The data: Begin
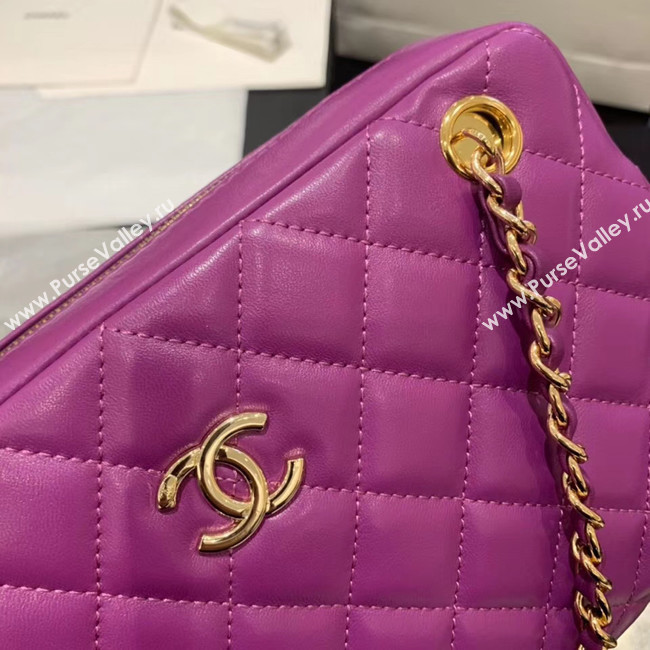 CHANEL 2020 New Style Original Leather AS1168 Lavender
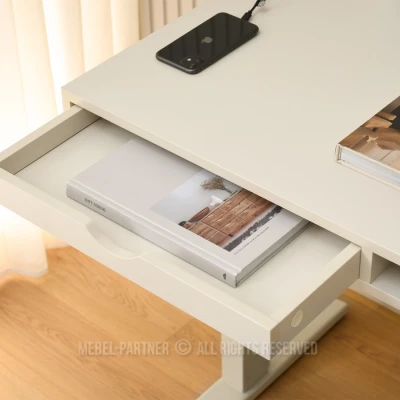 Schreibtisch 100 HESOL - creme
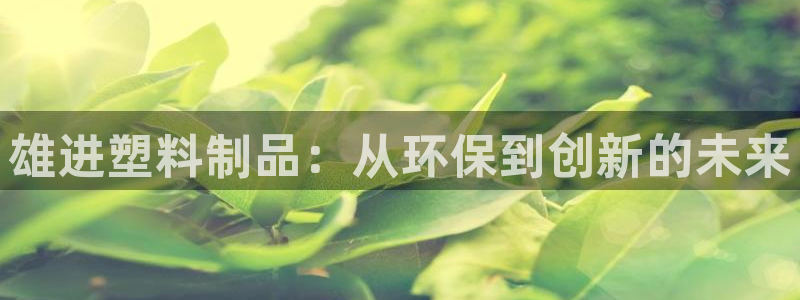 古天乐代言澳门太阳游戏网址：雄进塑料制品：从环保到创新的未来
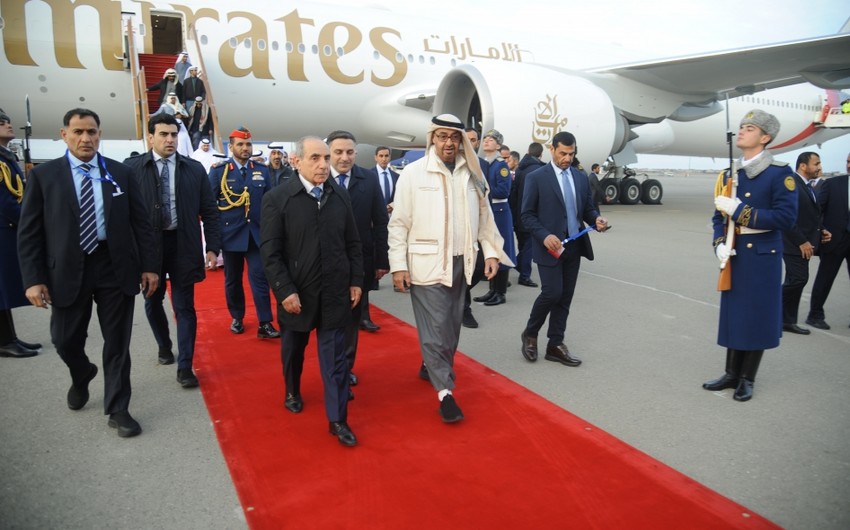 UAE President arrived in Azerbaijan on official visit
The data: End
Your output must reproduce the material above in full, with no pictures.

▸ Output for this exercise:
 CHANEL 2020 New Style Original Leather AS1168 Lavender
 Schreibtisch 100 HESOL - creme
 古天乐代言澳门太阳游戏网址：雄进塑料制品：从环保到创新的未来
 UAE President arrived in Azerbaijan on official visit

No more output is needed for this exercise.